> _WHAT YOU WILL DO_
Transcribe only the lines in the data below falling between the line with "1300 Ocean Blvd, Isle" and the line with "Sailor's Monument: Historic", including those two lines, and leave out any picture.
+++
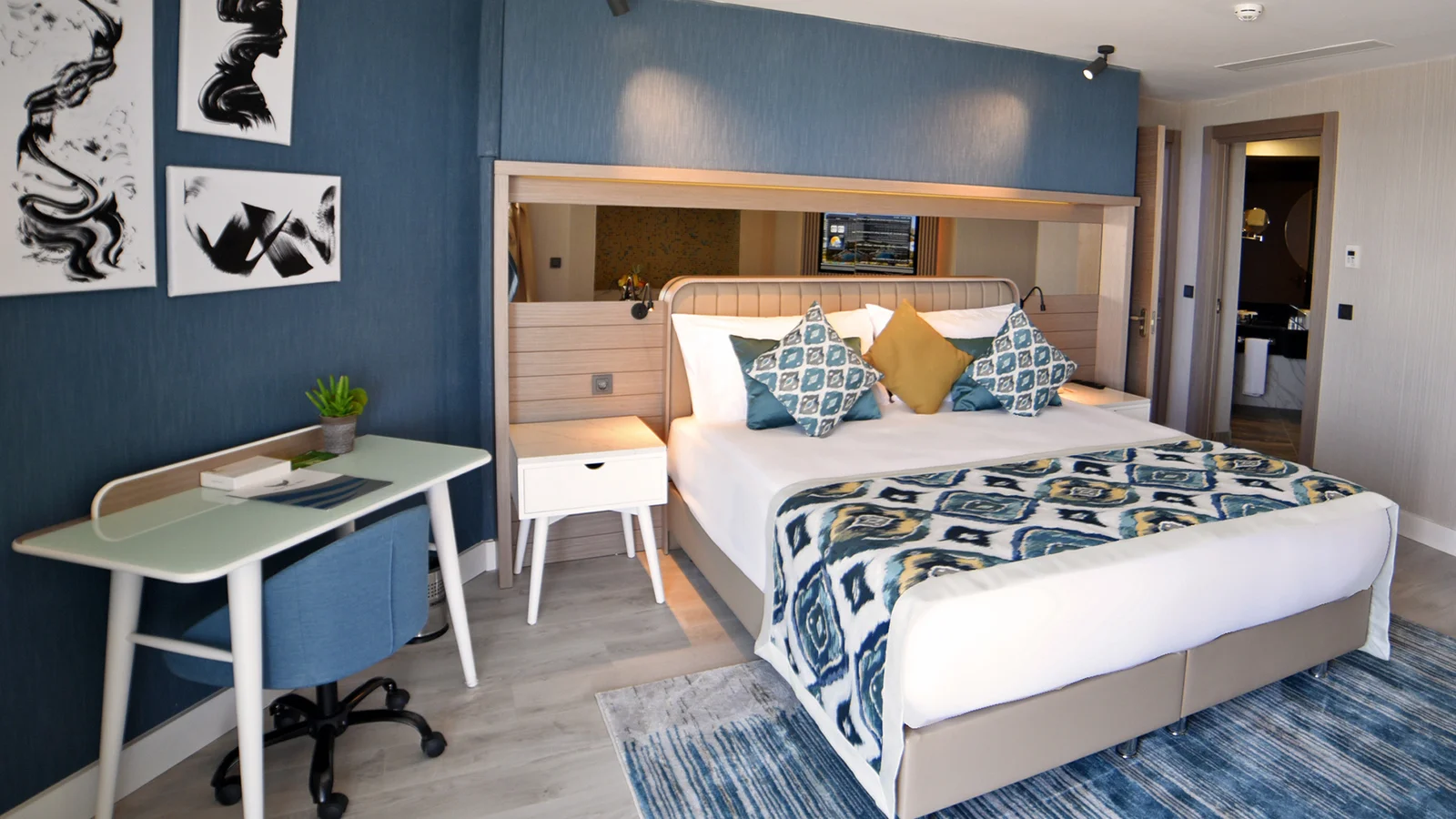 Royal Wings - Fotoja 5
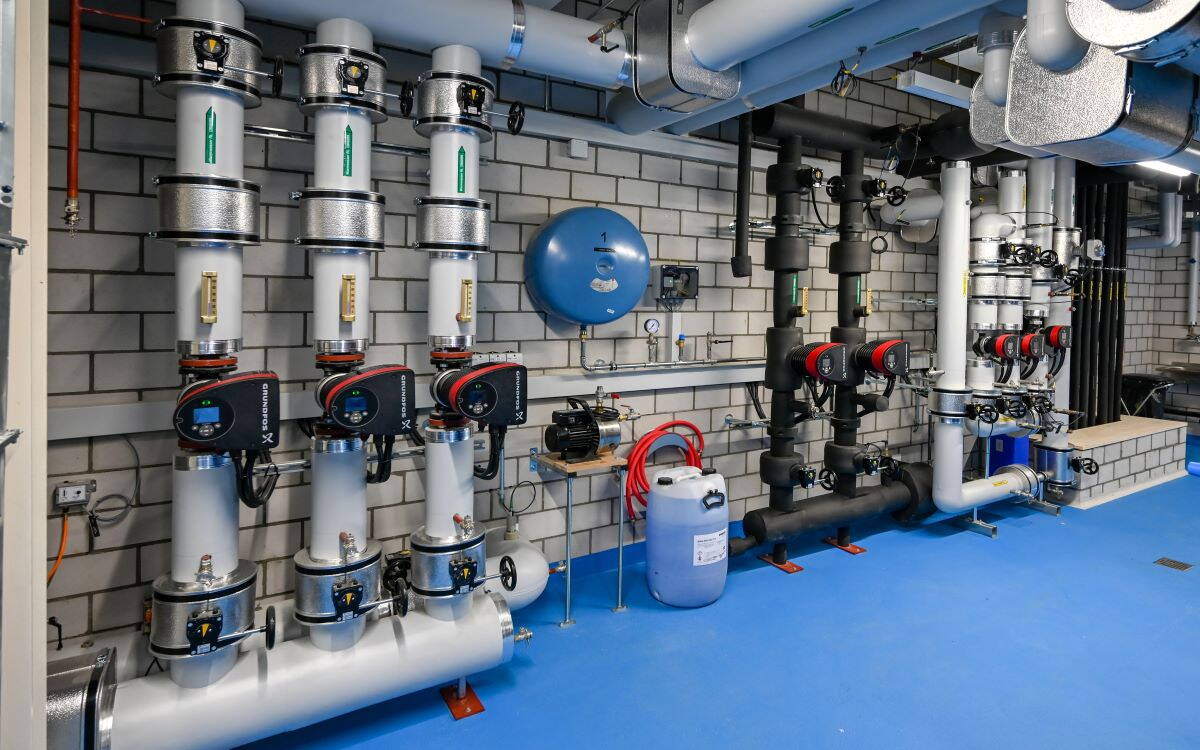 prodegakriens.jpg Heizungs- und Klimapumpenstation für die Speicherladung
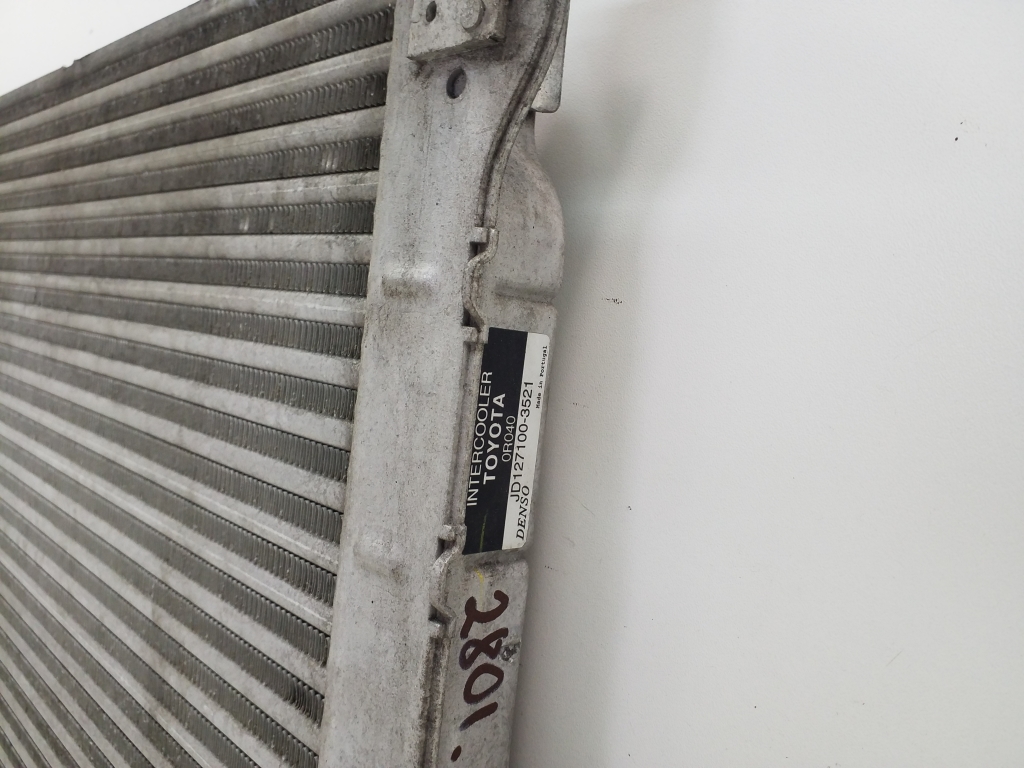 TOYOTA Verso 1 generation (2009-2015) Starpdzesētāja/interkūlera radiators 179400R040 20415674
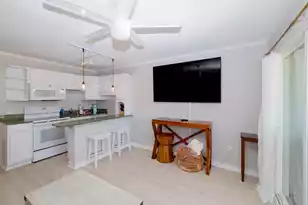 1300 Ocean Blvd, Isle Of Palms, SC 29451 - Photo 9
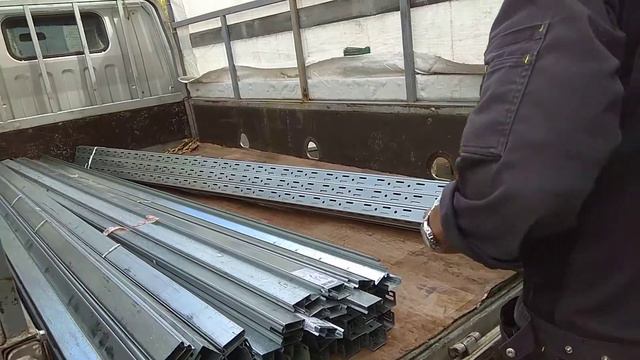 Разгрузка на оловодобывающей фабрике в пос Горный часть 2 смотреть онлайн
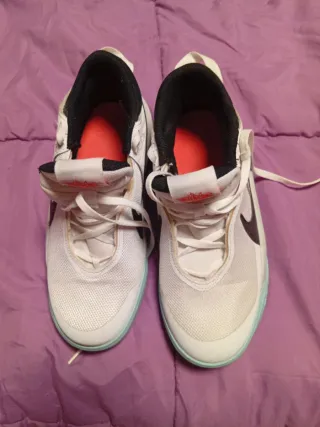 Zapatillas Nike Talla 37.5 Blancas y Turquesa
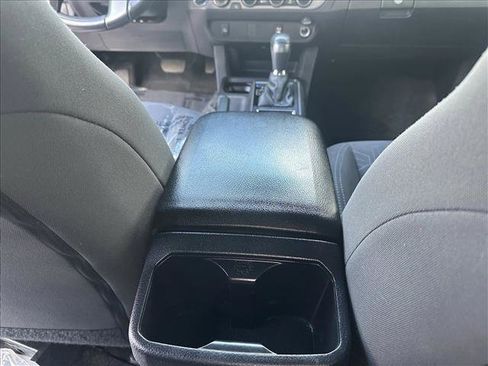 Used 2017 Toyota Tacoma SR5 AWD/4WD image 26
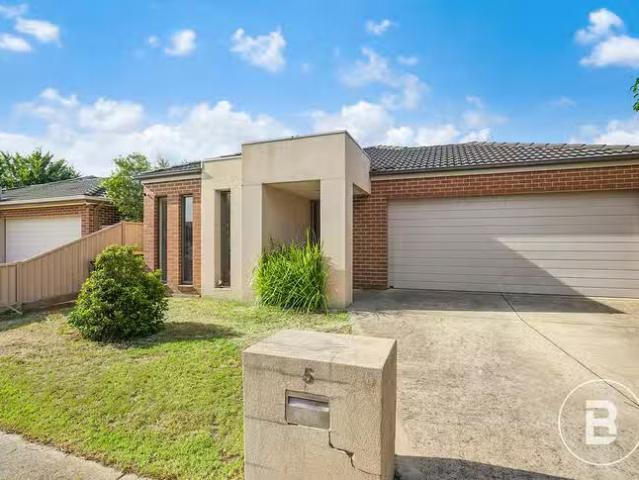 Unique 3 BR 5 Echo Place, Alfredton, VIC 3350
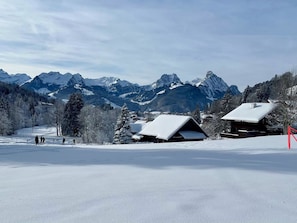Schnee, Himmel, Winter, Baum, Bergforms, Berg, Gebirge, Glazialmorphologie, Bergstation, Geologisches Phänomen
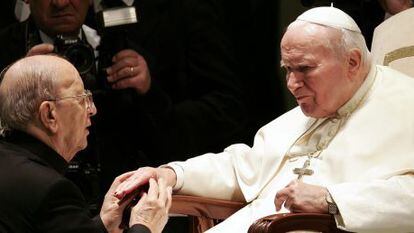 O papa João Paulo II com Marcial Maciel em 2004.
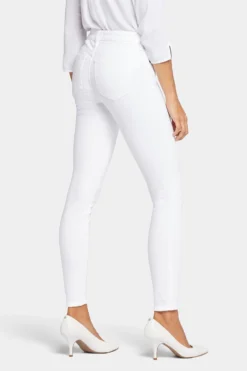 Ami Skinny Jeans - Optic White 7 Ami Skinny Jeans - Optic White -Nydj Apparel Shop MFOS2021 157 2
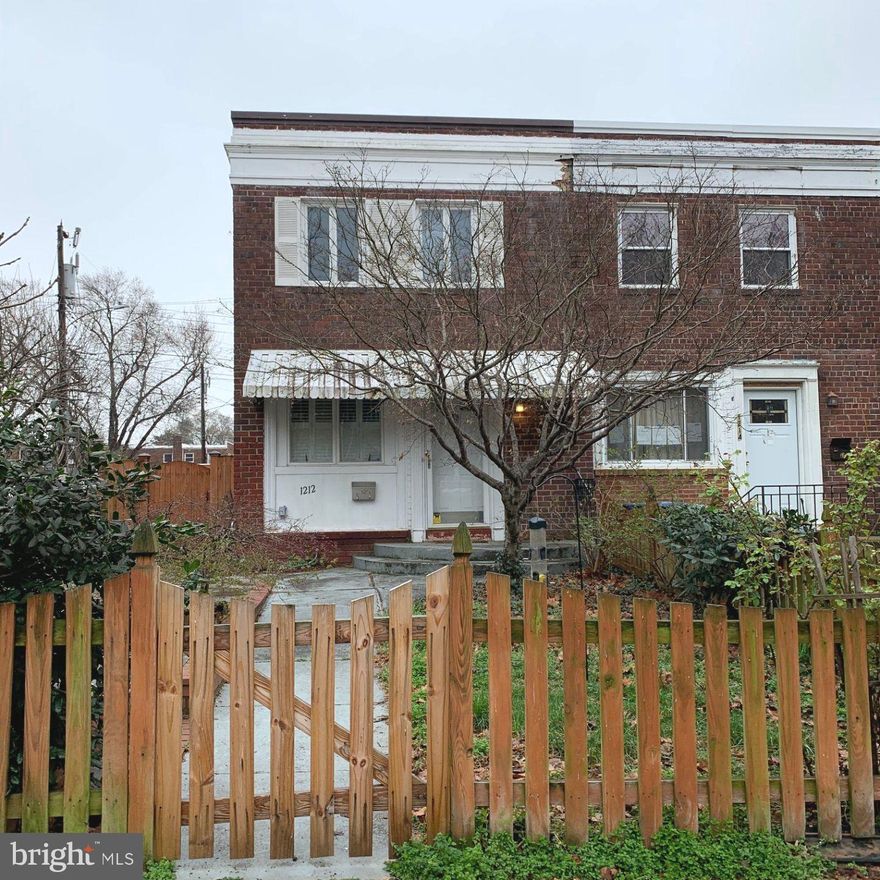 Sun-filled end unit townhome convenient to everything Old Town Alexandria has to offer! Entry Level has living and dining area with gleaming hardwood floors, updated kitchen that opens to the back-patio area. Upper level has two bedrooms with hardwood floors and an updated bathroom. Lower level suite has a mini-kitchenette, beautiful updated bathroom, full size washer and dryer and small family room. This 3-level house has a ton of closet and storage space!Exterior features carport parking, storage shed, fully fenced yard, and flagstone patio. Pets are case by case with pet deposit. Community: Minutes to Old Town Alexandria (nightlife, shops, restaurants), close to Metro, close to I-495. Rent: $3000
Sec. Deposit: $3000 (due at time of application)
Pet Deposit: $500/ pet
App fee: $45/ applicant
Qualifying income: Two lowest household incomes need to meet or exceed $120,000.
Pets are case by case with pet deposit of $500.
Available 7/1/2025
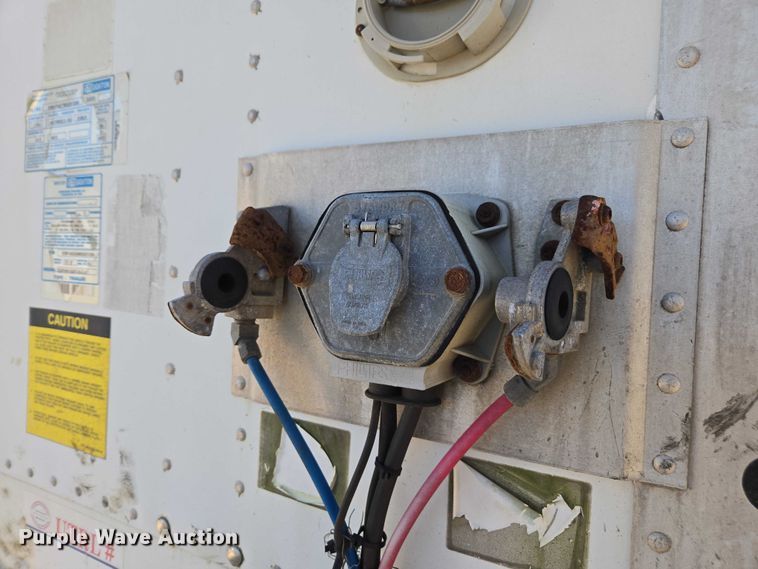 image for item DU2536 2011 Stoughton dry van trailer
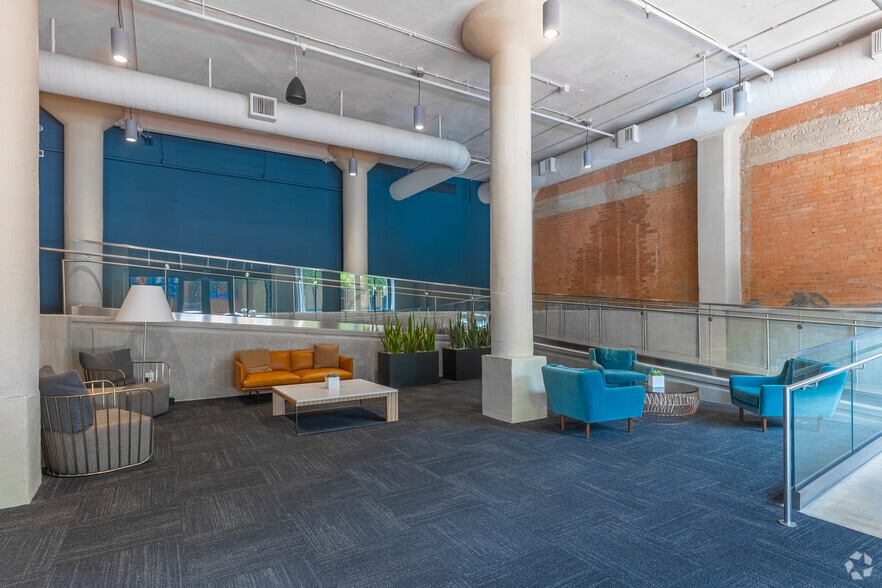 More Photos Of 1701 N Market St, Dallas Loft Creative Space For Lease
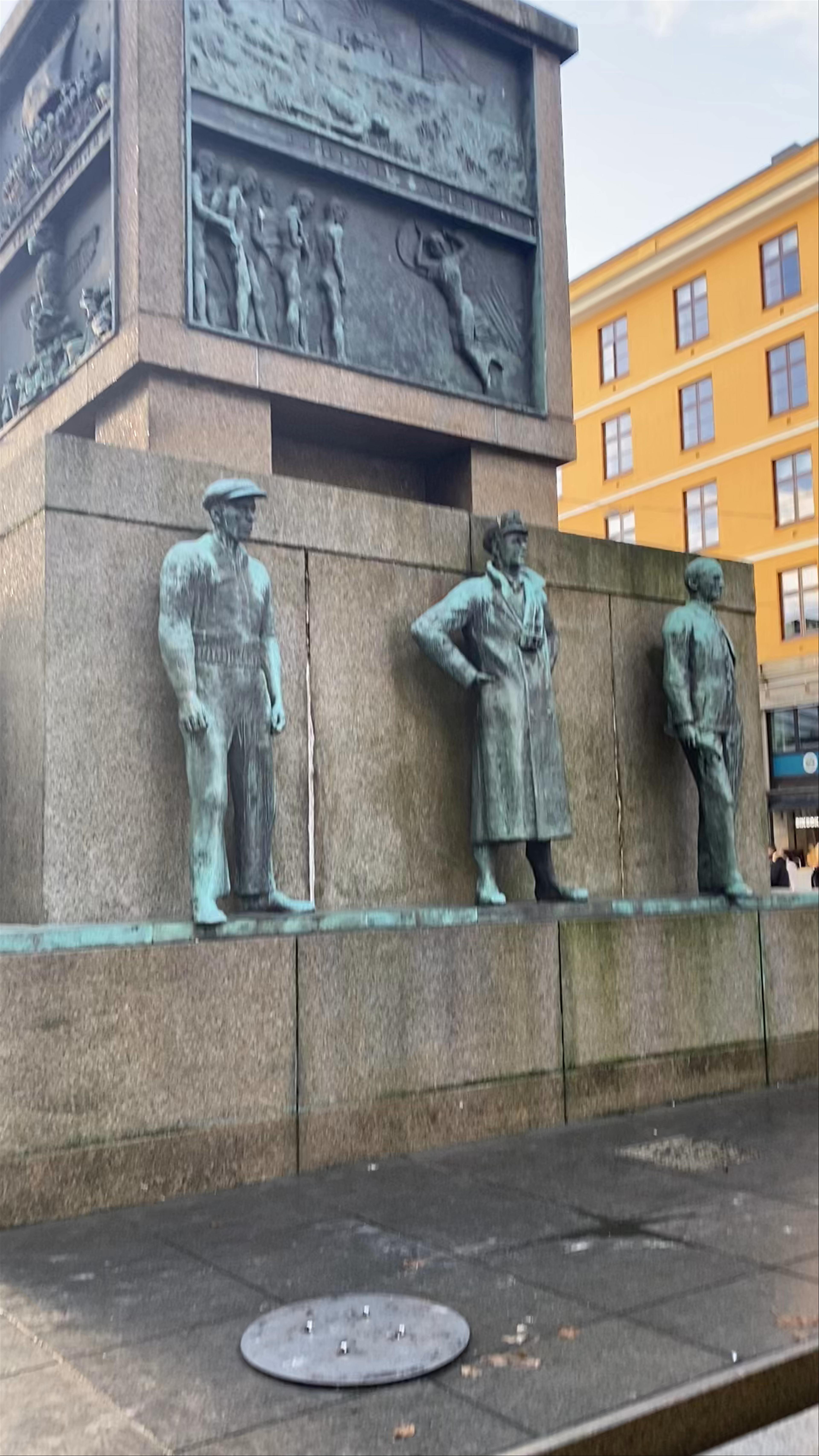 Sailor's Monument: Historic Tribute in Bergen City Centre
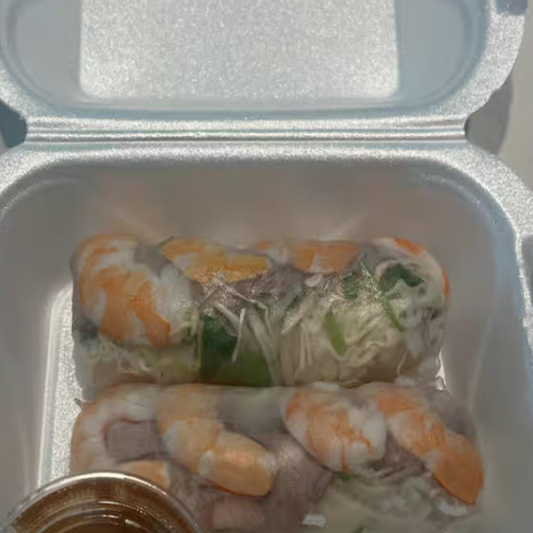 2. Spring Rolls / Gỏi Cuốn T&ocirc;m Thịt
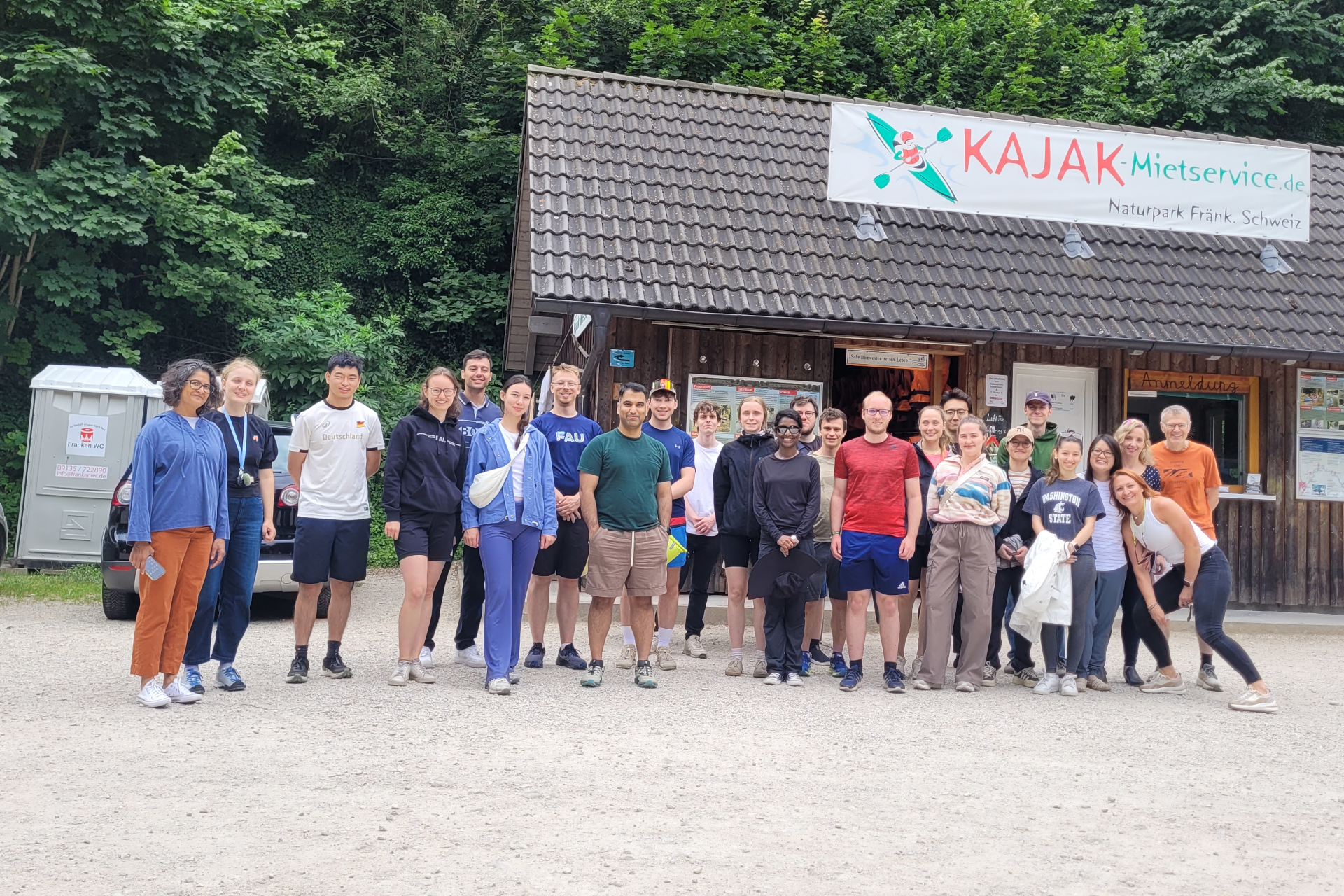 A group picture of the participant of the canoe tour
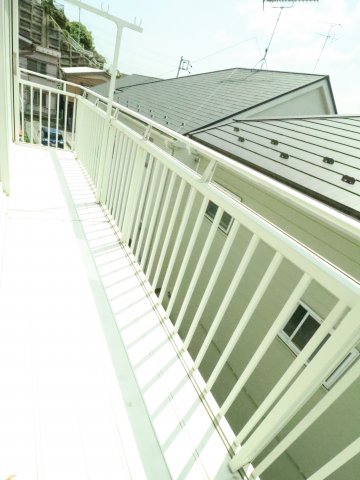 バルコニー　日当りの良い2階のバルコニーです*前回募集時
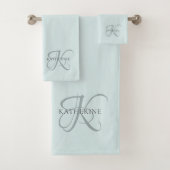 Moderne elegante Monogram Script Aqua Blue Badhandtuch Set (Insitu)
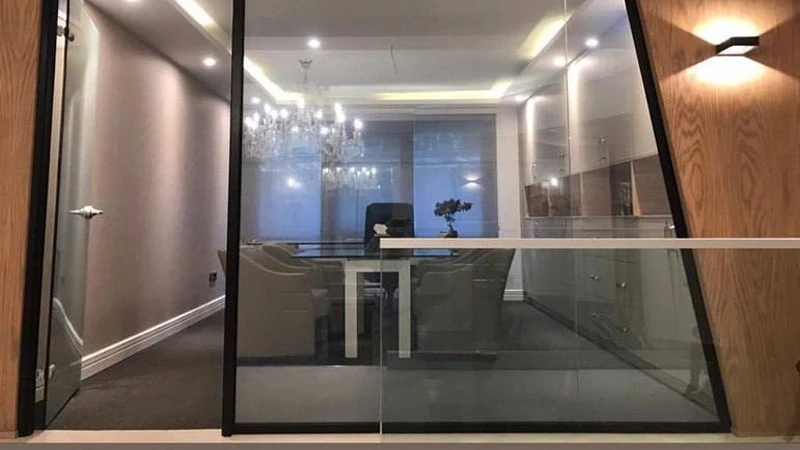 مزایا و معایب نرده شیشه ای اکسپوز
+++
> _TASK SOLUTION_
 1300 Ocean Blvd, Isle Of Palms, SC 29451 - Photo 9
 Разгрузка на оловодобывающей фабрике в пос Горный часть 2 смотреть онлайн
 Zapatillas Nike Talla 37.5 Blancas y Turquesa
 Used 2017 Toyota Tacoma SR5 AWD/4WD image 26
 Unique 3 BR 5 Echo Place, Alfredton, VIC 3350
Schnee, Himmel, Winter, Baum, Bergforms, Berg, Gebirge, Glazialmorphologie, Bergstation, Geologisches Phänomen
 O papa João Paulo II com Marcial Maciel em 2004.
 Ami Skinny Jeans - Optic White 7 Ami Skinny Jeans - Optic White -Nydj Apparel Shop MFOS2021 157 2
 Sun-filled end unit townhome convenient to everything Old Town Alexandria has to offer! Entry Level has living and dining area with gleaming hardwood floors, updated kitchen that opens to the back-patio area. Upper level has two bedrooms with hardwood floors and an updated bathroom. Lower level suite has a mini-kitchenette, beautiful updated bathroom, full size washer and dryer and small family room. This 3-level house has a ton of closet and storage space!Exterior features carport parking, storage shed, fully fenced yard, and flagstone patio. Pets are case by case with pet deposit. Community: Minutes to Old Town Alexandria (nightlife, shops, restaurants), close to Metro, close to I-495. Rent: $3000
Sec. Deposit: $3000 (due at time of application)
Pet Deposit: $500/ pet
App fee: $45/ applicant
Qualifying income: Two lowest household incomes need to meet or exceed $120,000.
Pets are case by case with pet deposit of $500.
Available 7/1/2025
 image for item DU2536 2011 Stoughton dry van trailer
 More Photos Of 1701 N Market St, Dallas Loft Creative Space For Lease
 Sailor's Monument: Historic Tribute in Bergen City Centre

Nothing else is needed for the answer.